Polynesia encompasses roughly a thousand islands and several individual nations with unique cultures and their own languages. Moana displays the cultures of Samoa, Fiji, Tahiti, Maori culture, and Tonga. While two of the films’ five screenwriters were born and raised in Hawai'i they are white, not Polynesian. As far as our research found, only two Polynesians were involved in the development of the story. The director, Taika Waititi (who is Maori), wrote the first draft of the script, which was drastically rewritten by the white directors and screenwriters and one of the story artists, David Derrick, who is Samoan.

At the end of the day, Moana is a film largely shaped by people who aren’t Polynesian. It’s a commercial product created for a global audience, to make money. So far it’s succeeding.

The objective of these reviews is to demonstrate that Polynesians are not a monolith. We will each have our own unique experience of Moana. All of them are valid and likely extremely complicated, especially for those of us who live or were raised far away from our islands. Many of us carry deep wounds due to a long history of colonial exploitation and cultural genocide.
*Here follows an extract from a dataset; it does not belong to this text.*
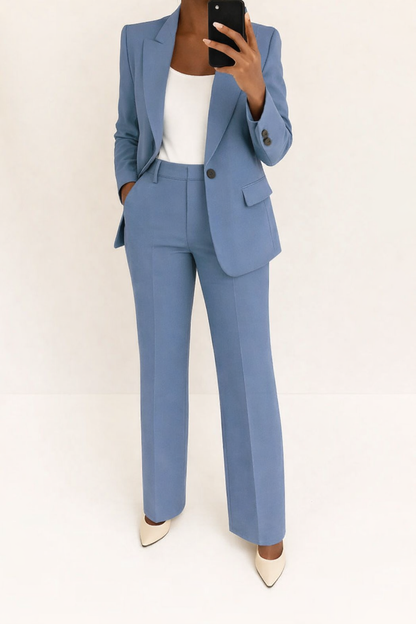 Jora Women's Suit – Tailored Two-Piece Elegance for Versatile Wear 0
Those wounds never fully heal; for many of us Moana has reopened them.

*

One Hawaiian's review of Moana

By Celeste Noelani

From the first press release announcing Disney's intent to create a Pasifika princess, I was both elated and uncertain. I love Disney, but that love has always come at the price of ignoring the ways Disney gets my culture wrong. Disney has long used imagery of the Pacific, and most of that imagery has been garish rather than representative. Understanding that Moana was basically a feature-length commercial for the Aulani resort on my O'ahu homeland, all I could do was hope that Disney acted with aloha and tried to be as faithful as they could to the cultures they said they were trying to respect.

Ambivalent as I was, I took my children to see Moana on a quiet afternoon about a week after its record-breaking release. I cleared my mind of preconceived notions, of all the reviews I had read in the week since its release. I let myself watch it as my children did, completely immersed in the magic that has made me a Disney fangirl for basically all my life.
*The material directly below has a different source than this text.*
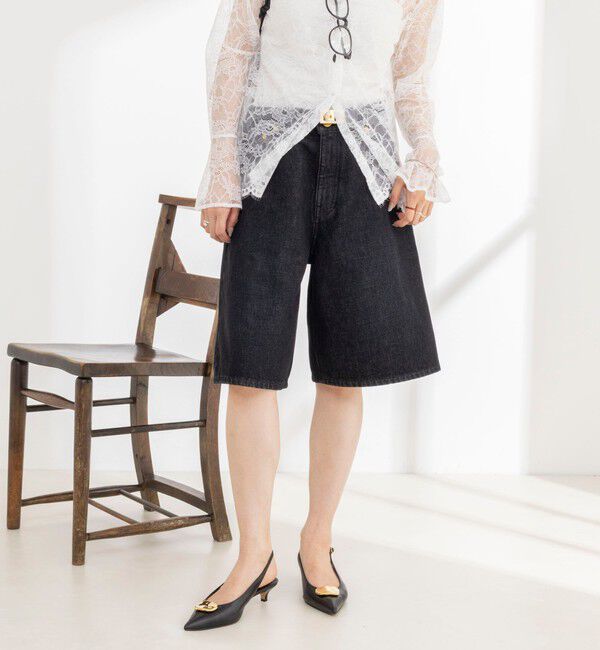Rie Miller「【RM denim】ハーフパンツデニム」|その他|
It really was magical. Every frame gorgeously rendered, every hair on Maui's egotistical head an entity unto itself. Moana's own flowing black mane was so real that I knew the strands would feel like my grandmother's coarse-soft curls. And the ocean! From the opening scenes of Moana's playful relationship with her sentient namesake, I was completely transfixed. Having grown up swimming in waters so much like those surrounding Motonui, I gasped to see it so faithfully and artistically portrayed.

I also thrilled at depictions of traditional island life. I wiped away tears and covered my mouth with my hands so I wouldn't actually yell chee-hoo! during "Where You Are Now."
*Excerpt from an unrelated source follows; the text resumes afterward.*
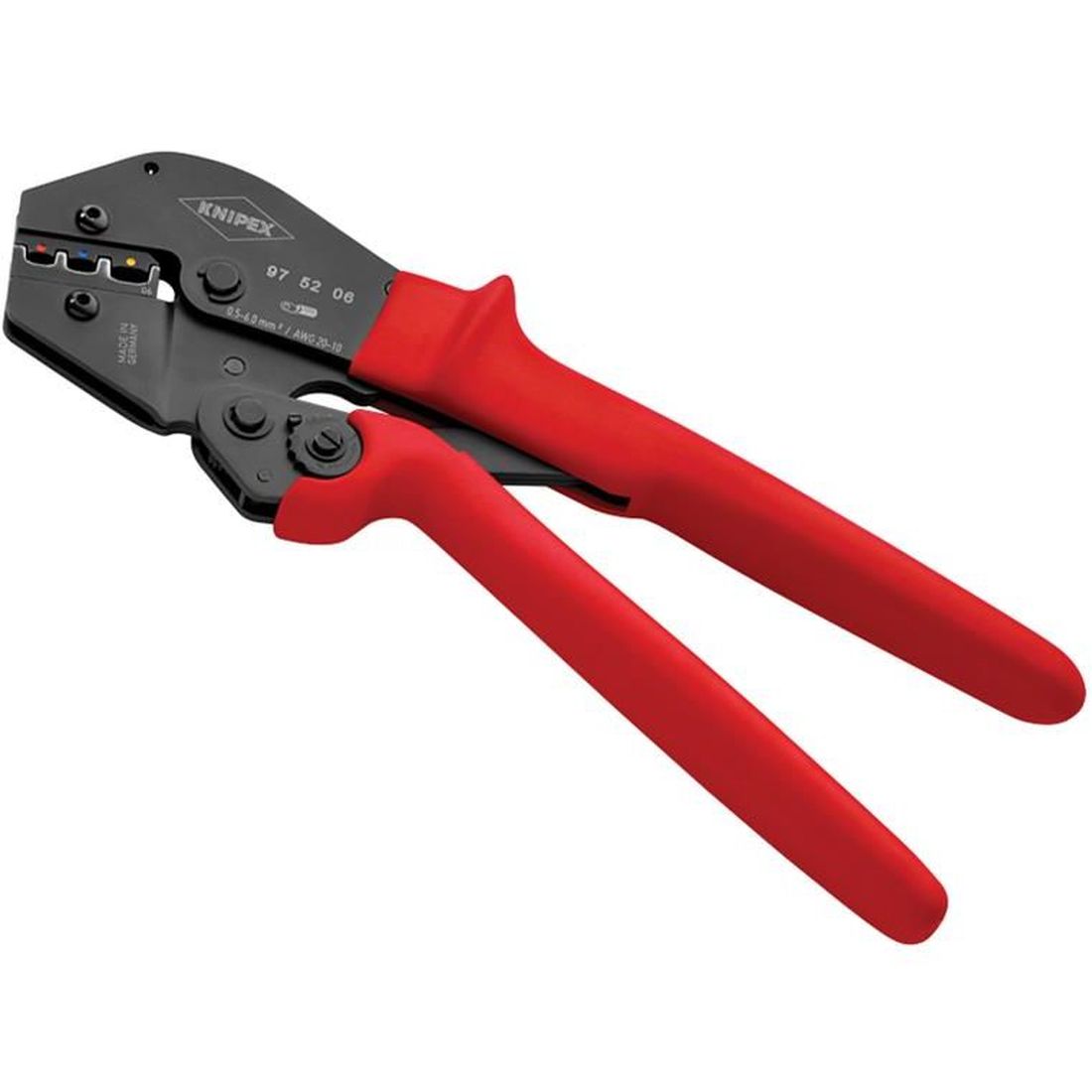 Knipex Crimping Lever Pliers For Insulated Terminals & Plug Connectors 250mm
I wasn't the only one delighted. When the tattooing sequence flashed by, my teenage son leaned over to me with a wide grin. "That's the kind of tattoo you want to get!" he said.

I immediately shushed him out of habit (no talking in the theater!) but quickly regretted it. This was the first time my kids were seeing their cultures depicted in a Disney movie, too, and I should have let them call out everything that excited them. And maybe I should have let myself chee-hoo.

Getting excited about all Moana had to offer was important, because as I expected, there was also a lot that wasn't exciting. While I respect him greatly, I was never convinced that Lin-Manuel Miranda was the best person to handle Moana's score. While there are some incredibly powerful moments, none of the musical numbers are as solid as songs in previous Disney films; Maui's theme song "You're Welcome" is downright terrible. Someone as energetic as Dwayne Johnson should have been electric as a larger-than-life demigod; instead, we got a slapstick buffoon singing a tired ditty that made me glad when it was over. And the entire sequence with Tamatoa the crab is an acid trip (and a boring one at that) stuck into the middle of the movie—because Lin-Manuel Miranda wanted to honor the recently passed David Bowie, rather than the Polynesian cultures the film is supposed to represent. Songs about Pasifika culture and rooted in Pasifika music ("Where You Are Now" and "We Know the Way") are clearly superior because they immerse the audience in Moana's universe, rather than distract from it.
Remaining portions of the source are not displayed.